Monday, May 21, 2007

CAPTCHAs and Tesseract

CAPTCHAs always seem to come up in discussions of OCR projects like Tesseract, so I decided to test Tesseract to see if it was actually the next big thing in spammer technology.

A commenter pointed me to a Berkeley effort to defeat CAPTCHAs that handled 92% of a selection of text-images from 2002 using a tailored OCR algorithm. I used PyTesser and difflib to run through the images and check the results.
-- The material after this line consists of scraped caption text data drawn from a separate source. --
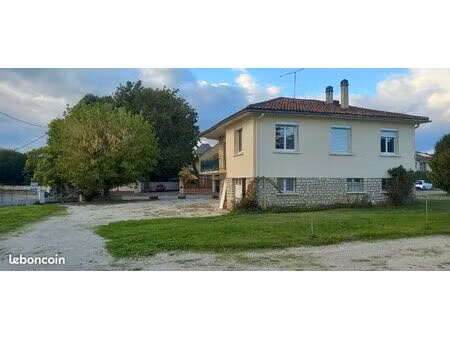 a vendre où à louer emplacement commercial pour projet de boulangerie ou autre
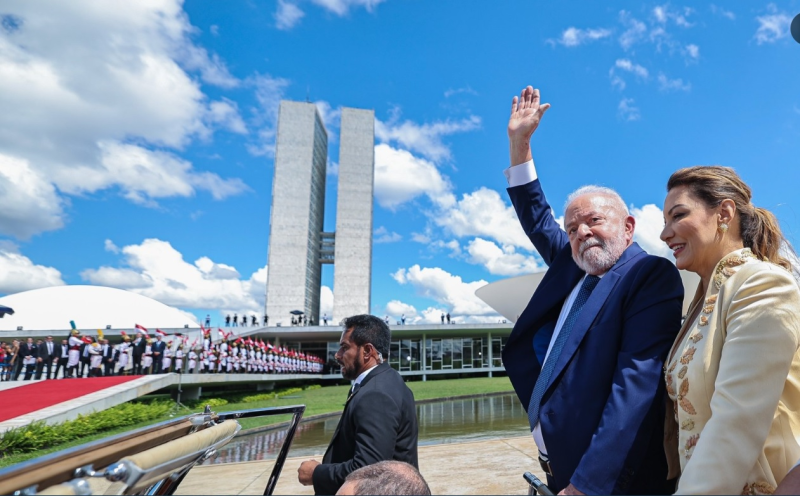 巴西總統魯拉1日宣誓就職並發表演說表示，打擊一切不平等將是他任內的優先事項   圖片來源/@ricardostuckert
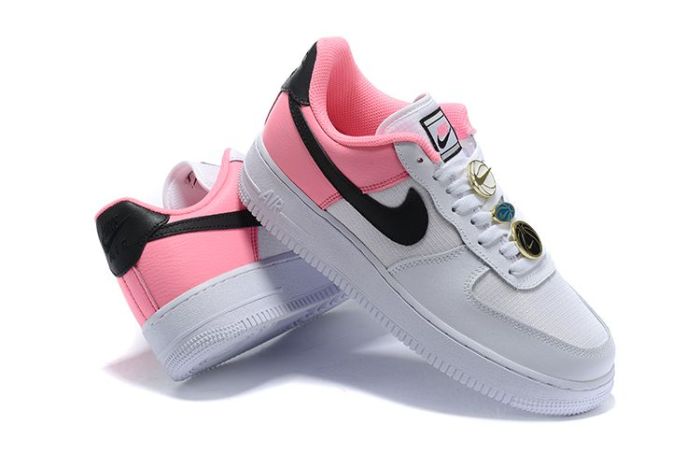 Nike Air Force 1 Low F1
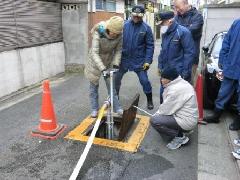 消火栓を閉めている写真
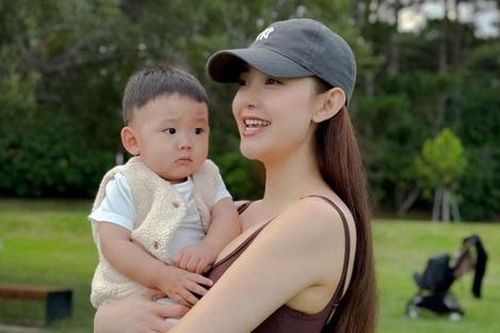 Minh Hằng bối rối vì một lời nhận xét liên quan đến con trai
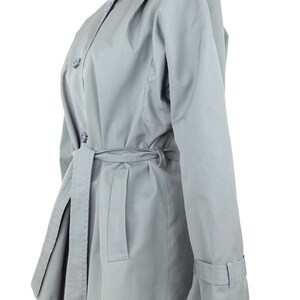 Vintage 70s Mod Hippie Utility Streetwear Basic Solid Grey Mockneck Button Down Long Trench Coat with Waist Tie | Women’s Size S-M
Tesseract read the image correctly for 36 out of 191 images (19%), and was close (within one character) for 5 more. Here are a few of the harder images it was able to crack:





Tesseract had trouble most frequently on text that was more skewed, had lots of distracting dots, or white or black lines crisscrossing the words. With a small amount of image preprocessing (removing speckles and narrow lines), it might do much better on this old set. On modern CAPTCHAs, though, it's probably SOL.

Thursday, May 17, 2007

PyTesser: OCR for Python

In two years using Python, I never once searched for "Python X" without finding PyX, someone's labor of love making X easy to understand and use. Many examples come to mind. That's what hooked me when I started out: any tool I wanted was at my fingertips in 5 minutes, and just worked.

Optical character recognition was just about the only exception. So, I got excited when Google released Tesseract OCR, a straightforward, relatively accurate OCR package written in C++. Tesseract didn't have Python bindings, but it didn't take much work with PIL and subprocess to make it act like it did.

Behold! PyTesser.

>>> from pytesser import *
>>> image = Image.open('fnord.tif') # Open image object using PIL
>>> print image_to_string(image) # Run tesseract executable on image
fnord
>>> print image_file_to_string('fnord.tif')
fnord